February 22, 2012
This article was contributed by Koen Vervloesem
In his talk at FOSDEM (Free and
Open Source Software Developers' European Meeting) 2012 in Brussels, Wookey
(who is working for Linaro on Linux
for ARM and doesn't have a first
name) talked about what multiarch is and why it's important. Multiarch
is a general solution for installing libraries of more than one
architecture on the same system.
By "general" we mean more than just the lib and lib64 directories for 32 and 64-bit x86 libraries. Currently the Filesystem Hierarchy Standard (FHS) attempts to address the use of these libraries on the same system by requiring that /usr/lib be reserved for 32-bit libraries, while 64-bit libraries are located in /usr/lib64. This so-called "biarch" design was adopted by Red Hat and SUSE, but not by Debian and Ubuntu. A general solution should not only scale to other architectures, but it should also "remove all corresponding bodgery we have in Debian, such as ia32-libs and biarch packages," Wookey says. The Debian developers have been working on a multiarch solution for years and multiarch support is a release goal for the coming Debian 7 "Wheezy" release, expected in 2013.
The basic idea behind multiarch is to generalize the biarch design to arbitrary architectures, and the way it is done is actually quite simple, Wookey maintains: you put your libraries into architecture-specific paths.
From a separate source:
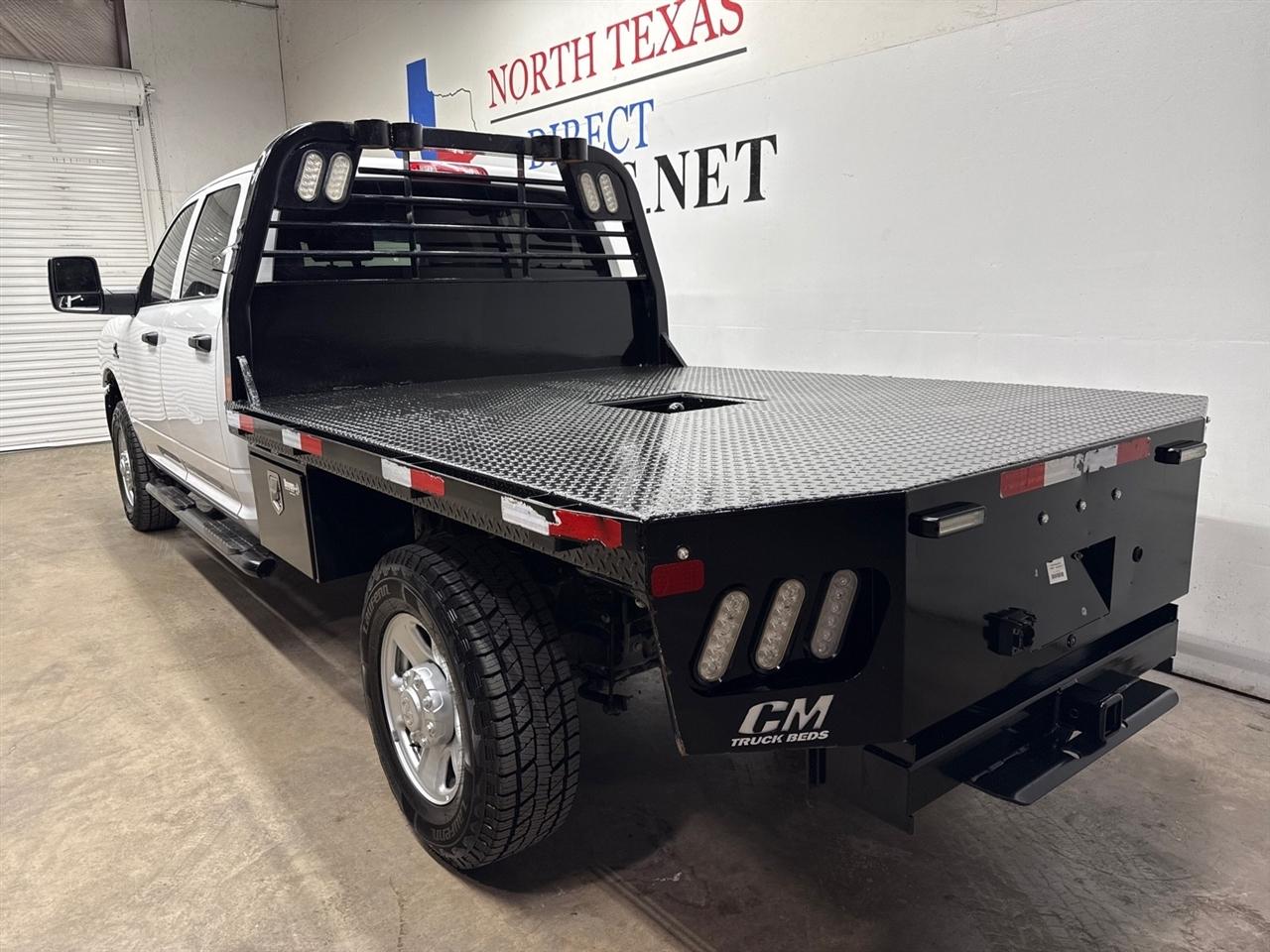 RAM 2500 Tradesman Crew Cab LWB 4WD 2023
For instance /usr/lib/libfoo goes into /usr/lib/x86_64-linux-gnu/libfoo if your machine has an x86_64 architecture, into /usr/lib/i386-linux-gnu/libfoo for an i386 architecture, into /usr/lib/powerpc64-linux-gnu/libfoo for a ppc64 architecture, and /usr/lib/arm-linux-gnueabi/libfoo for an armel architecture.
The multiarch paths contain the GNU triplets used by GCC to describe
architectures. For instance, in x86_64-linux-gnu "x86_64"
stands for
the processor type, "linux" designates the kernel, and
"gnu" stands for the
user-space ABI. However, multiarch adopts the GNU triplets with some
adjustments. For instance, both the i486-linux-gnu and
i586-linux-gnu GNU triplets will be translated to the
/usr/lib/i386-linux-gnu/libfoo path because, according to Wookey,
a few minor instruction set differences do not add up to a different ABI
requiring its own triplet. The advantage of this partial
rethinking of the file system hierarchy is that all libraries have a
canonical path. There are no special cases for the locations of native,
cross-built, or emulated (with QEMU) libraries: they are all the same.
What can we do with it?
So what can we do with multiarch? As already mentioned, multiarch makes cross-compilation much simpler: it is no longer a special case and essentially you're getting it for free as a byproduct of multiarch. This is primarily because the library loader path is baked into every executable by the linker, and thanks to multiarch's canonical path based on the system's architecture, this path is the same whether the library is built or cross-built.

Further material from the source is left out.